At the same time, slavery was the original sin of the American Republic--the glaring hypocritical exception to the founding principle that we are all endowed with inalienable rights. Many of the founders recognized that hypocrisy, but they needed the vote of at least one slave state to achieve the ratification requirement of nine states: two-thirds of the thirteen states. And in fact, they probably needed more than that, given that the Articles of Confederation under which the states had operated since 1781 required the unanimous consent of all states. In other words, the Constitution may have been ratified if only the minimum number of states had approved it, but it is questionable whether the non-approving states would have cooperated under the new framework. As it happened, due to a number of compromises that gave the slave-holding states a disproportionate representation in Congress and restricted the power of the federal government to ban the importation of slaves for 20 years, all thirteen states did ratify the Constitution.
And the federal government did ban the importation of slaves at the earliest possible moment allowed by the Constitiution. But by that time, importation was no longer necessary to sustain the practice of slavery. And despite fervent hopes on the part of some of the founders that the example of non-slave states banning the practice of slavery would inspire a universal ban, there was really no chance that was ever going to happen. So the country moved through the first half of the 19th century, achieving a series of precarious balancing compromises. Time and again, the protests against the immorality of slavery clashed with the representative power of the slave states in Congress. First the Missouri Compromise, then the Compromise of 1850, held out the hope, for some at least, that time would allow the country to outgrow the slave legacy without bloodshed.

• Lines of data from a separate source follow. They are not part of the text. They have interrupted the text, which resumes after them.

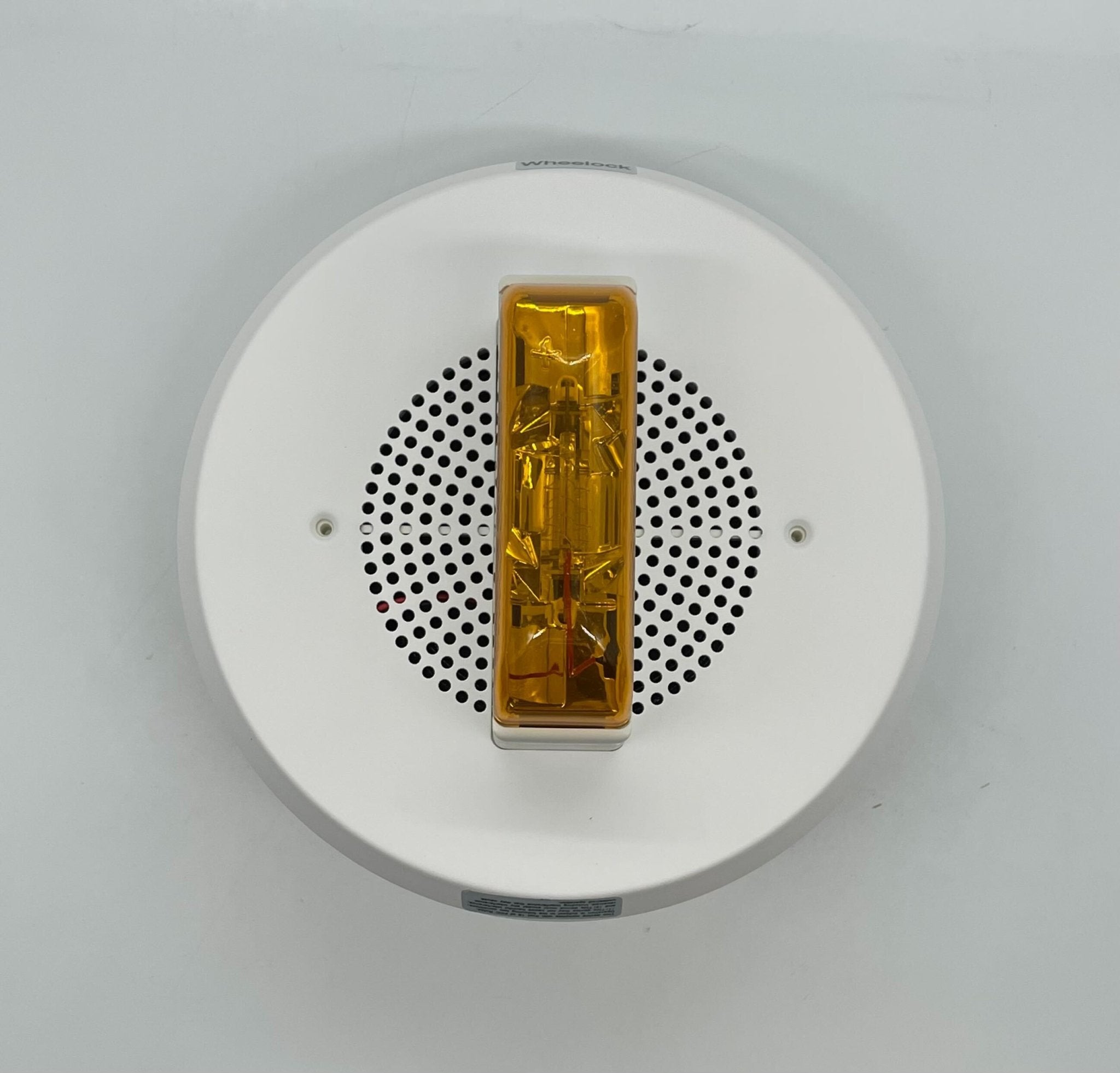 Eaton Wheelock E90A-24MCC-NW speaker strobe light mounted on ceiling, white color, for fire alarm signaling.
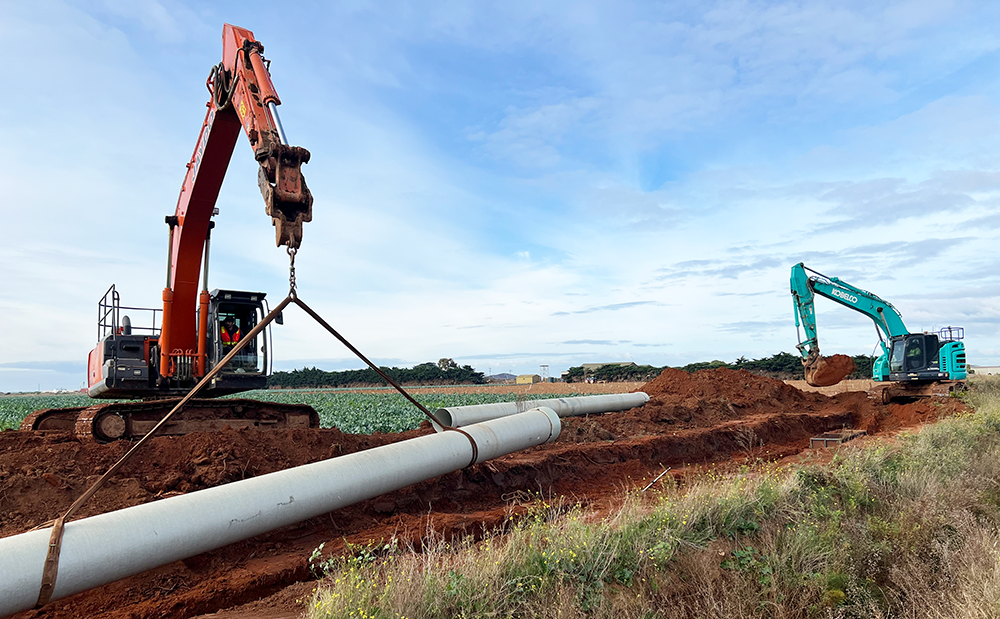 Excavators laying water pipes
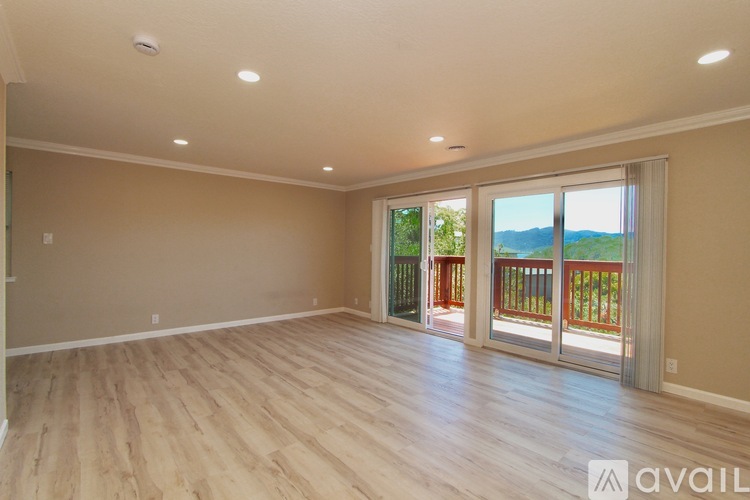 A spacious room with wooden flooring and a large window overlooking a balcony.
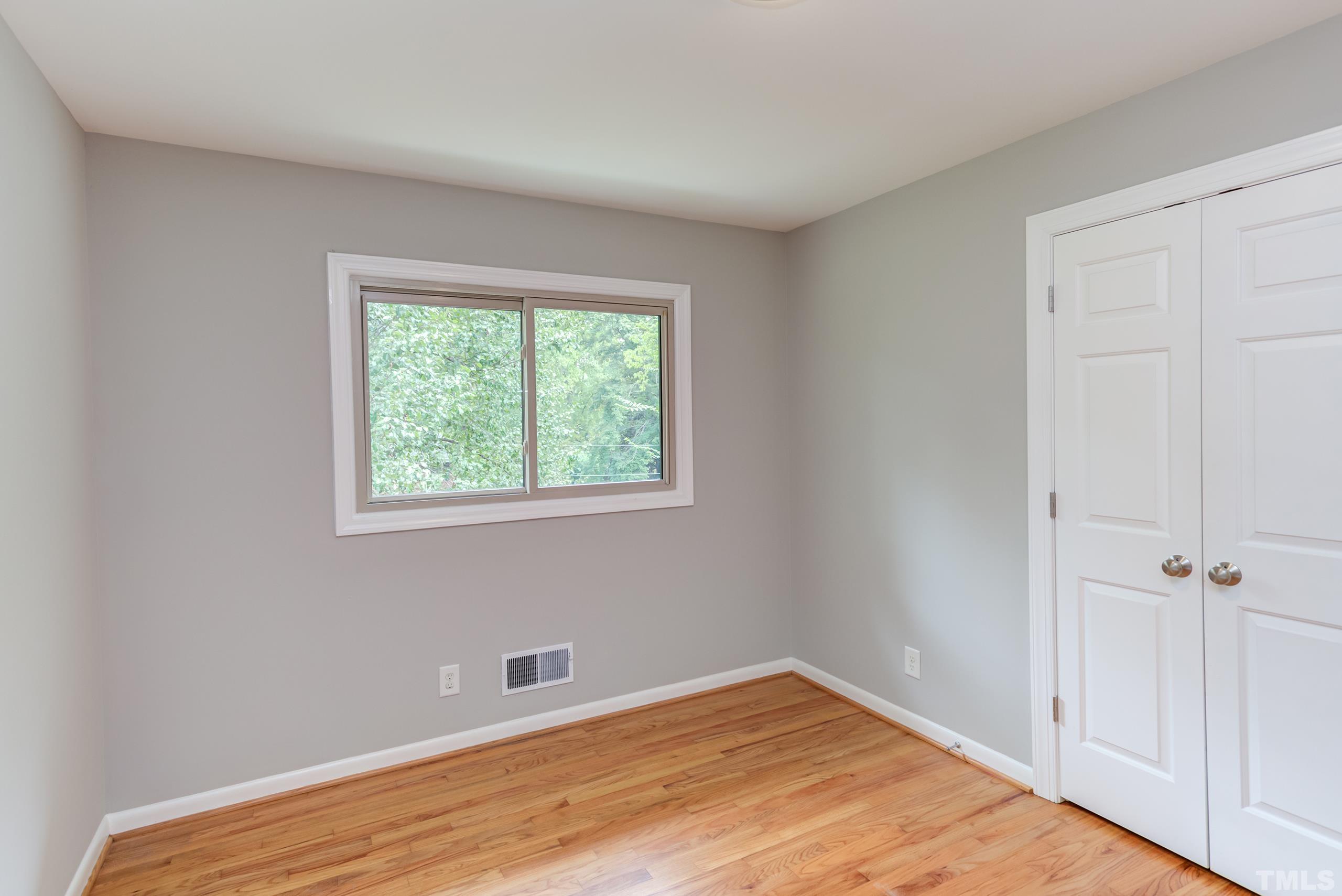 912 Winona Road Raleigh, NC 27609 - Photo 18 of 30 an empty room with a window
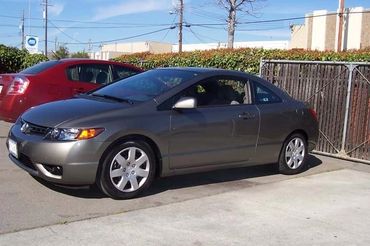 A gray Honda Civic coupe parked in a lot, with another red car in the background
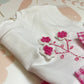 Completo t-shirt con fiori uncinetto e pantalone 3/4 vichy goffrato fuxia/bianco S24I113CAJJ S24I120PNQQ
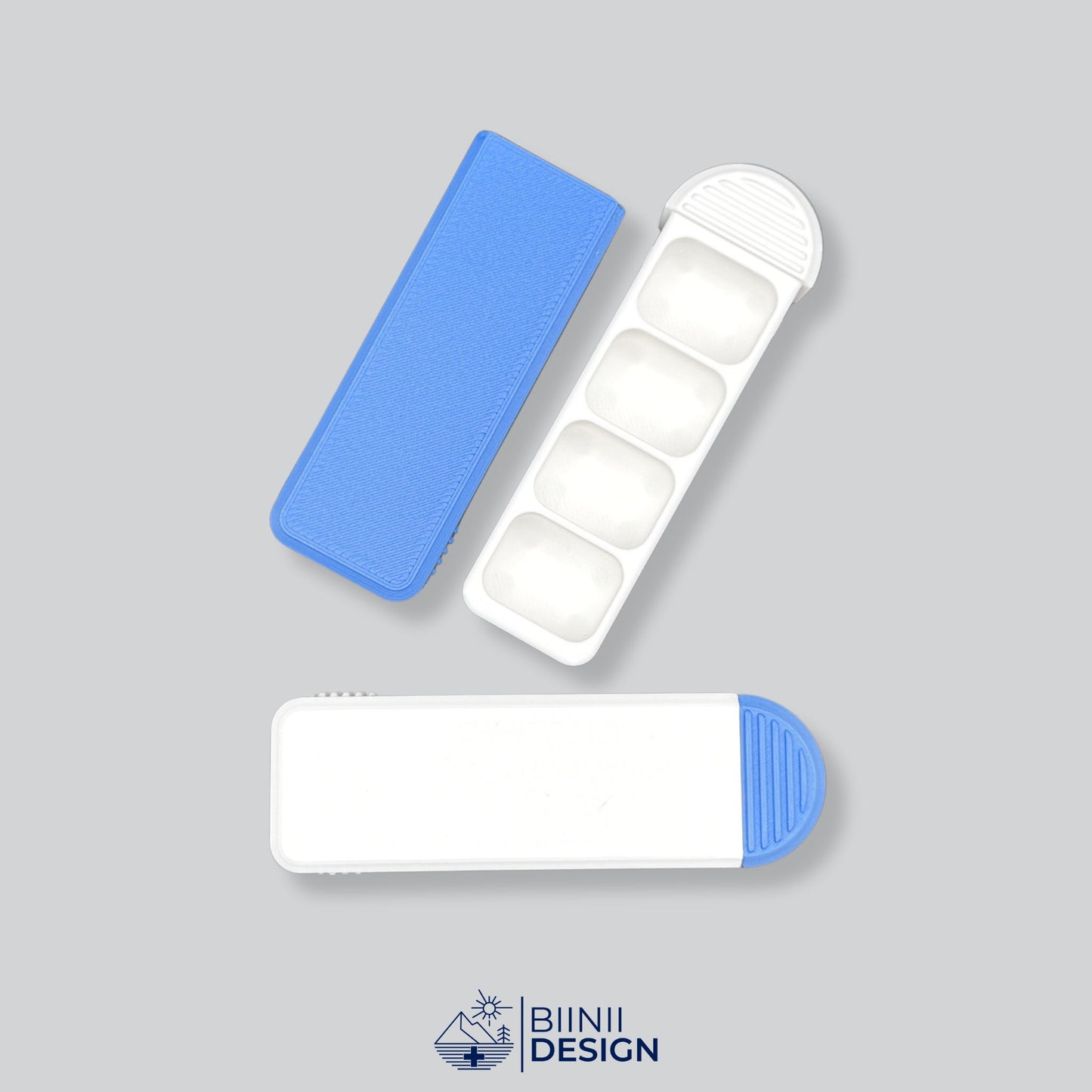 Compact 4-Compartment Pill Organizer (White/Blue Two-Tone). Photo showing one open unit with sliding lid and one closed unit, highlighting the dual color design options.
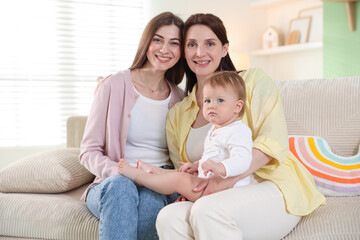 Fototapeta premium LGBT parents. Happy lesbian couple with their cute baby on sofa at home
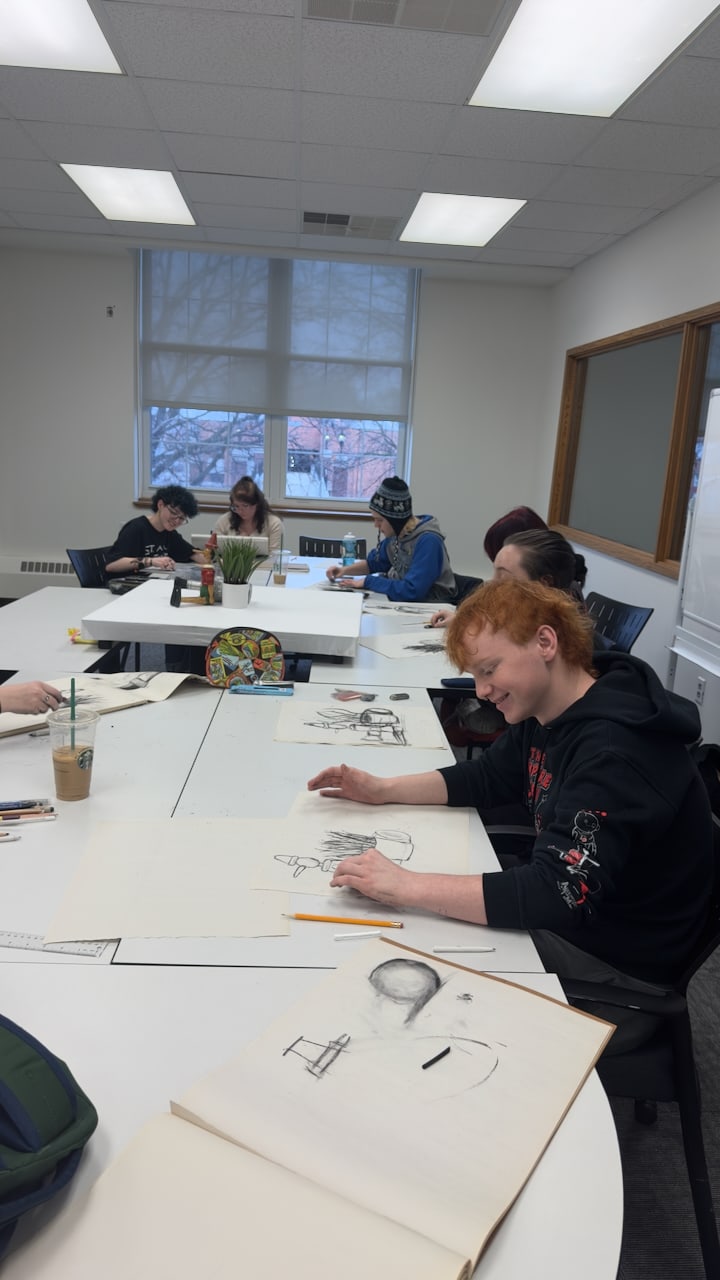 Students drawing around a studio classroom table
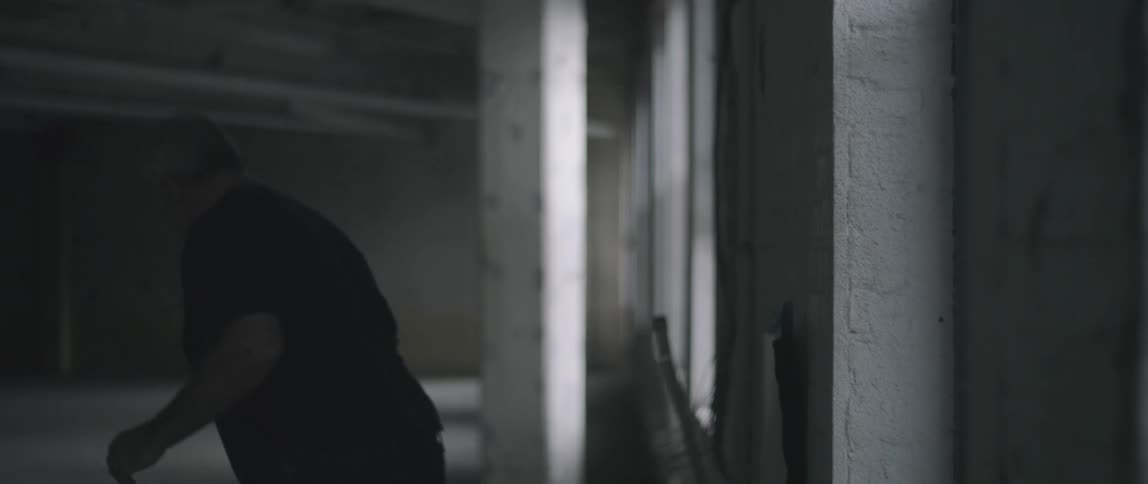 A person running and leaping inside an empty building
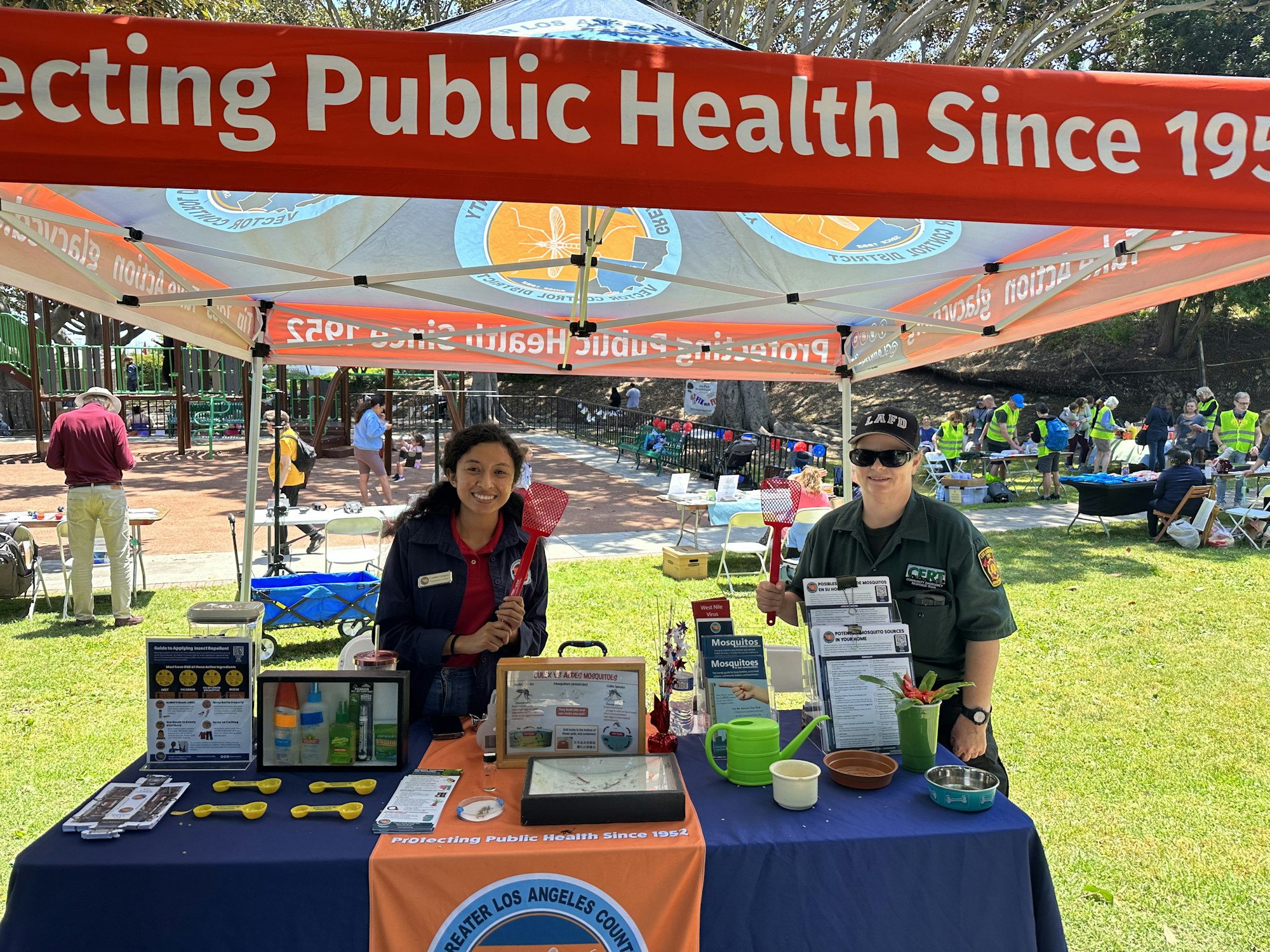A health event booth with two people displaying public health information and tools under a banner reading "Protecting Public Health Since 1958".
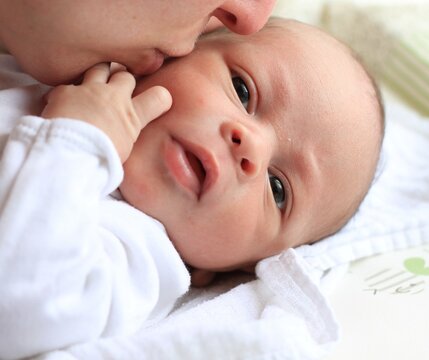 baby with his mother been cared for after having a good night sleep in bed at home stock photo 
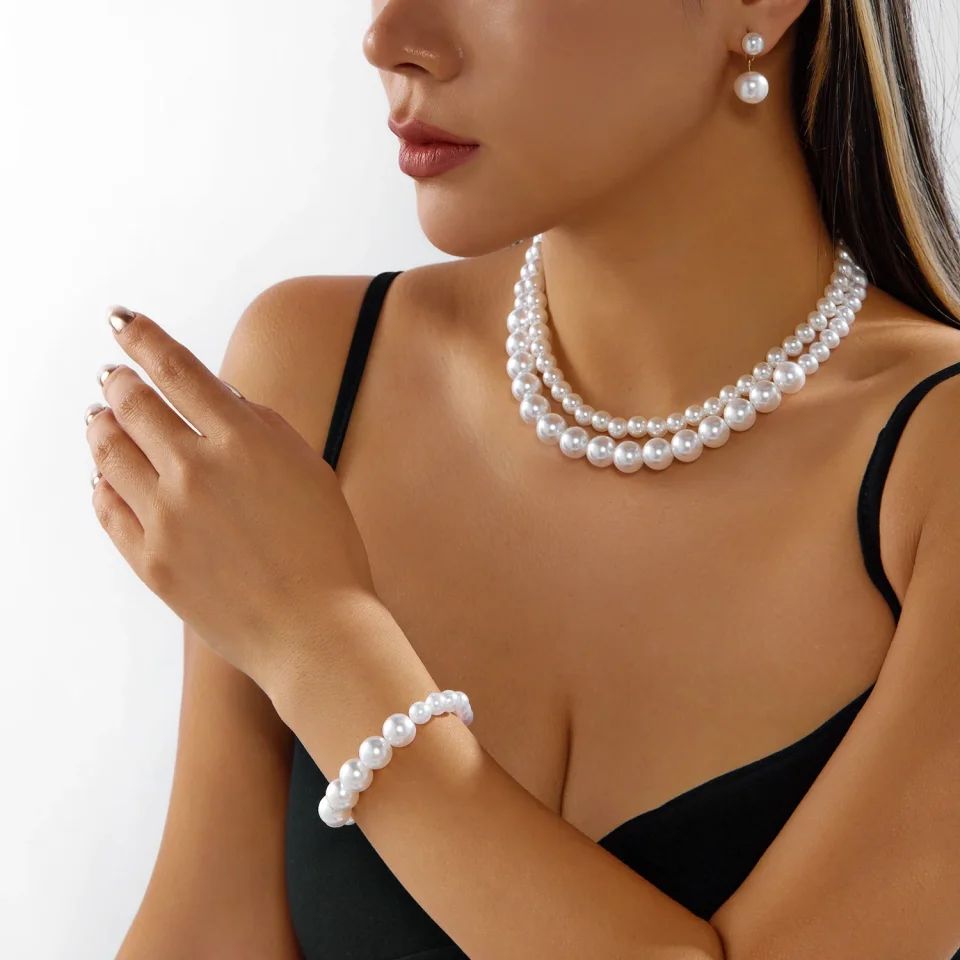 Rinhoo-Conjunto de joyería elegante de perlas de imitación para mujer, collar versátil, pulsera, pendientes, joyería para fiesta y boda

Then came President Pierce. And the Kansas-Nebraska Act, which effectively repealed the Missouri Compromise, enraged the abolitionists in the north and led to widespread violence and the breakdown of democratic processes in the new territories. Now, instead of a strong declaration of the will to use federal power to defeat and punish secessionists, like the declarations made by Presidents Jackson and Taylor (both southerners), we had Franklin Pierce and his "best and dearest earthly hopes." In spite of a congressional investigation that found widespread fraud had illegally tilted elections in favor of slave-holders, Pierce sent the Army in--not to re-establish proper order through martial law--but to disband the legislature elected by anti-slave settlers in Topeka. The violence continued to spin out of control, and further compromise became more and more unlikely.
Of course, for the people suffering under the yoke of slavery, it might seem that another compromise itself would have been a moral failure as great as slavery itself. Sixty years after the ratification of the Constitution, sixty years after the compromises that enabled the birth of an American Republic proclaiming inalienable rights for all while denying them to African Americans, perhaps time had simply run out. But I think I would feel better about President Pierce if he had at least tried to use the power of the federal government to enforce legal process over gang violence in the Kansas and Nebraska territories.